I think I'm too dense for social stress to apply because I mainly just think about whether the thing I'm doing is working for me or not. I don't mind having stress applied, I just don't want it applied in such a way that I'm practising dumb things instead of smart things. And I am pretty skeptical that shooting the 9-hole wall lefthanded while side-loading a mag fed gun the whole way is smart. I was thinking, as I was doing it, that for the time I'm taking to run it wrong-handed with one shell at a time out of my pocket, I could be getting pretty damn fast shooting it with mags and my right shoulder. I wouldn't have been fast to start with, because I never use shotguns, but I could have been fast, I think, with a couple of hours of practise.
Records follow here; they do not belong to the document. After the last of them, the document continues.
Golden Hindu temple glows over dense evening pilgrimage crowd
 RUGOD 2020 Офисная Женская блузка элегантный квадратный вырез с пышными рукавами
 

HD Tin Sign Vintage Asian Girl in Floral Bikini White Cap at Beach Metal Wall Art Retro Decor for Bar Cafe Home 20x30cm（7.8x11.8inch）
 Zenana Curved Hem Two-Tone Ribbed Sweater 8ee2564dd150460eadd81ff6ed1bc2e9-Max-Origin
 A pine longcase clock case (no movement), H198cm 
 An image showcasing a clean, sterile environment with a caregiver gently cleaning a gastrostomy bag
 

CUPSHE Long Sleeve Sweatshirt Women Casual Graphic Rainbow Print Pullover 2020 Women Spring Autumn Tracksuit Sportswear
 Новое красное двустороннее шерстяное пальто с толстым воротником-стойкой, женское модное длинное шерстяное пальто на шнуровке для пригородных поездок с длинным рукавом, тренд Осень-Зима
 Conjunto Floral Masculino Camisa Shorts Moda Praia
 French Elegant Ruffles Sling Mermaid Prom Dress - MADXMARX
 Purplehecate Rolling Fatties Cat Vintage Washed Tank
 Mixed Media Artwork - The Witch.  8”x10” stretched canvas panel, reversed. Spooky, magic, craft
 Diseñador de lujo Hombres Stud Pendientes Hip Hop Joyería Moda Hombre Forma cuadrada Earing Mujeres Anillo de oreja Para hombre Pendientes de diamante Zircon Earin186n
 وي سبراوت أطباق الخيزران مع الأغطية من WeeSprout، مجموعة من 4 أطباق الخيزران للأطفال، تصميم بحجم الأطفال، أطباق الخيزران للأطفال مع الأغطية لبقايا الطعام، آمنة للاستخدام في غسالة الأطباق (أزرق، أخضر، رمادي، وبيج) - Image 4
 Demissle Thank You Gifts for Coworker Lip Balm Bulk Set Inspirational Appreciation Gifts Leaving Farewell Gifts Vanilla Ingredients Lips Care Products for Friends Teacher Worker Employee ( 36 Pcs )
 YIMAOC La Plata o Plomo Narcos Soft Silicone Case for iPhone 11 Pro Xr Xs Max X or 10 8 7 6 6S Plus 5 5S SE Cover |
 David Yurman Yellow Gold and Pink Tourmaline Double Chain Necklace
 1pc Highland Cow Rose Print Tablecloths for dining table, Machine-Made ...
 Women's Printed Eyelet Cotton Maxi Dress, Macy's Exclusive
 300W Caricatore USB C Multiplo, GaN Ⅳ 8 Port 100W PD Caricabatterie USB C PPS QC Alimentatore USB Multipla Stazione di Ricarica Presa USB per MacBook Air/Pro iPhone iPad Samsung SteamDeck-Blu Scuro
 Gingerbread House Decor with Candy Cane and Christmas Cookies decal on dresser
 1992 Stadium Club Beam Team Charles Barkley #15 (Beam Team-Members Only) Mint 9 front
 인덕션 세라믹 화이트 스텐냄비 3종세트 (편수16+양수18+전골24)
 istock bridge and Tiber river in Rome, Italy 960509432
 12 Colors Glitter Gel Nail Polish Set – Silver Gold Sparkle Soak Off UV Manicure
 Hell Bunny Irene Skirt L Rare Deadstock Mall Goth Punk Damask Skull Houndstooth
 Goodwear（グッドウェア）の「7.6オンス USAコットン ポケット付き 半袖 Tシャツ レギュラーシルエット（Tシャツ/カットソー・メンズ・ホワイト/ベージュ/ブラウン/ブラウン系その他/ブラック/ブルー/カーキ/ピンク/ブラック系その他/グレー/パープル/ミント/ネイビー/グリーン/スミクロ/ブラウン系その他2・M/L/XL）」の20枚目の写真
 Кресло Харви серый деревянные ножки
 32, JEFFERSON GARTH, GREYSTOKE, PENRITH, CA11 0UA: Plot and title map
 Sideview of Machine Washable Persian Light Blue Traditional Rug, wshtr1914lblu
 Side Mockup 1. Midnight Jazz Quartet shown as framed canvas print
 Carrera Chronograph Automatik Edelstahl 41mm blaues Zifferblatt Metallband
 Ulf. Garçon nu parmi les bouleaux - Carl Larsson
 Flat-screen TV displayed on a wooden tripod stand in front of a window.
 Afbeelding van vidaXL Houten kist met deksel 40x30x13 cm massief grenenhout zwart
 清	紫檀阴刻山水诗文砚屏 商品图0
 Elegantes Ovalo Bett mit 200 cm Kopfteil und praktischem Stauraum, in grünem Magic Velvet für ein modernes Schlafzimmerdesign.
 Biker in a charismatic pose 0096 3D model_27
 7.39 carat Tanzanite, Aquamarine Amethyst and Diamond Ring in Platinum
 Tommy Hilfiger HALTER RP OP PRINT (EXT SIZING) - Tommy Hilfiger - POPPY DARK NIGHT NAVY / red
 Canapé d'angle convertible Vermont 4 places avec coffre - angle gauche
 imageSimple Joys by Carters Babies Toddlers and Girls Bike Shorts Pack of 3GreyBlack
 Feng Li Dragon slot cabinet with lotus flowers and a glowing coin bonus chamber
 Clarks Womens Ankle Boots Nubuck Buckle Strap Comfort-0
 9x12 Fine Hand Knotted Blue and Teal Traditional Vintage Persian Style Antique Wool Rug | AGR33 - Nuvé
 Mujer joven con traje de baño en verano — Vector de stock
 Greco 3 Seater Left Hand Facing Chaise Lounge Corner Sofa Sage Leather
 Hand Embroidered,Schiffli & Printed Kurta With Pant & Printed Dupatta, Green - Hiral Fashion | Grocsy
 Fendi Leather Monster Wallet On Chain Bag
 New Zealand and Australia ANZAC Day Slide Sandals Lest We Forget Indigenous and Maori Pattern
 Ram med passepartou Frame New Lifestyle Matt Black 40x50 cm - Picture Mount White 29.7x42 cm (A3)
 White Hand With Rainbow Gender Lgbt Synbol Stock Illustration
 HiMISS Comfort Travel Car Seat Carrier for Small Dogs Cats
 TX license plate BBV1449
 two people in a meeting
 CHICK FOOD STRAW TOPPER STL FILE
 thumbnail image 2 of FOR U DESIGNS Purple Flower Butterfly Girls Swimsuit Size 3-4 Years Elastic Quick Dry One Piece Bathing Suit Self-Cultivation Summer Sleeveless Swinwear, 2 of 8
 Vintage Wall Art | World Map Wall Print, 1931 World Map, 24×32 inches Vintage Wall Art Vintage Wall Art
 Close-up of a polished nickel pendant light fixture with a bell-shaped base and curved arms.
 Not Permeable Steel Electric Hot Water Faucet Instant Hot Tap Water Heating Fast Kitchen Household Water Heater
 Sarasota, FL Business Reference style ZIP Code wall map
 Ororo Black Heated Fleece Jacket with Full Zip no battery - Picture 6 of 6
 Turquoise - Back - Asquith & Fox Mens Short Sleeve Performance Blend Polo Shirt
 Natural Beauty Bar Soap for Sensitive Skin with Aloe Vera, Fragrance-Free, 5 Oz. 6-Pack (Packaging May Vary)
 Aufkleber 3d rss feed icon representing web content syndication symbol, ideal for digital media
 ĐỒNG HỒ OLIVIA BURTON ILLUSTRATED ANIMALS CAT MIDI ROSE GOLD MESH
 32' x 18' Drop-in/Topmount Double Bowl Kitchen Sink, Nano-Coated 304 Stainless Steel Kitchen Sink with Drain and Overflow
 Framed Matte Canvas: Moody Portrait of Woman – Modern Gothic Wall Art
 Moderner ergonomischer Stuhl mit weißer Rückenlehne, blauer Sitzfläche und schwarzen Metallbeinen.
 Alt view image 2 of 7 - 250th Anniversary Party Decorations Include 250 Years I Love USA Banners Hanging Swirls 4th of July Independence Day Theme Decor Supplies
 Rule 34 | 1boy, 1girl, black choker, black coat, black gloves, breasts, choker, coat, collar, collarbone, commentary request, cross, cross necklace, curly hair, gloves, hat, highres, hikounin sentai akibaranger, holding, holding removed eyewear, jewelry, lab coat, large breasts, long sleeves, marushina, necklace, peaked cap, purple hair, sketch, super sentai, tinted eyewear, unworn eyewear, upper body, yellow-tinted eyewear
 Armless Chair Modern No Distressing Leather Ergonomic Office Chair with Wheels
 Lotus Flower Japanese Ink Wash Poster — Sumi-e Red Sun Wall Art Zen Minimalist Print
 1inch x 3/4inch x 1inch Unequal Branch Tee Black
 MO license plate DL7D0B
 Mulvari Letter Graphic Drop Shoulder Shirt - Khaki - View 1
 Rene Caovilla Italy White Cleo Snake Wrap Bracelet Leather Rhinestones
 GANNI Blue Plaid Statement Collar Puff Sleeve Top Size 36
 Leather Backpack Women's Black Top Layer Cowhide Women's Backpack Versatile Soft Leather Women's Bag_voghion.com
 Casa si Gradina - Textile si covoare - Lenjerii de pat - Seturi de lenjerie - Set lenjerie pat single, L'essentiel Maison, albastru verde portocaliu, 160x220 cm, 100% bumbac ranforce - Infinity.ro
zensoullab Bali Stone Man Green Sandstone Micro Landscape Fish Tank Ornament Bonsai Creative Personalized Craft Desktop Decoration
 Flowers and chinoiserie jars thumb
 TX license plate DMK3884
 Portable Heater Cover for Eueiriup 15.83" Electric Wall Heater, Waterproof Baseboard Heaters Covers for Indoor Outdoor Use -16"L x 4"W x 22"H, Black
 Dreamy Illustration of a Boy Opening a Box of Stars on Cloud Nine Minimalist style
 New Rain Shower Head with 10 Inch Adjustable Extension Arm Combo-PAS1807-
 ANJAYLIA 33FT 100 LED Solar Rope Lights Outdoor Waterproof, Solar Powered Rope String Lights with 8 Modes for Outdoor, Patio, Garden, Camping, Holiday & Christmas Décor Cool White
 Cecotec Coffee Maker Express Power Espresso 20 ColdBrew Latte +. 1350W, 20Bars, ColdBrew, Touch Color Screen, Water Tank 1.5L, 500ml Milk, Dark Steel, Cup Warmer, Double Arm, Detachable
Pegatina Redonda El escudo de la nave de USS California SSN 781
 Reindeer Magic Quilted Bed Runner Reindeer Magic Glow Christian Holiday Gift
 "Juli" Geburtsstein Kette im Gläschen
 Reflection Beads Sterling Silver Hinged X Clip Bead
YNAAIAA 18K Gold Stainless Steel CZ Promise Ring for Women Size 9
And that's my objection: practising weak hand only shooting on a carnival ride while somebody spills coffee on you isn't really going to make you better. Or maybe it is, but I feel like it isn't. It's so specific that I think you're introducing too many simultaneous failure points. That might be wrong but I felt 2% better at the end of four hours than I did at the start, and looking around everybody else looked equally inept because honestly, how smooth can you make the bottom row of ports on a 9-hole while loading one at a time? It's just inherently screwed up, and I had the thought that doing it fifteen or twenty times wasn't really making me better. Each step was too long, and too dependent on weird issues like cargo pockets with enough shells left at a conveniently accessible angle, and so on.
I don't know, maybe it's useful but I'm pretty skeptical.
Those of you who don't bother with support-side shotgunning, what are your thoughts about shooting around barriers? Do you switch shoulders with ARs but not with shotguns?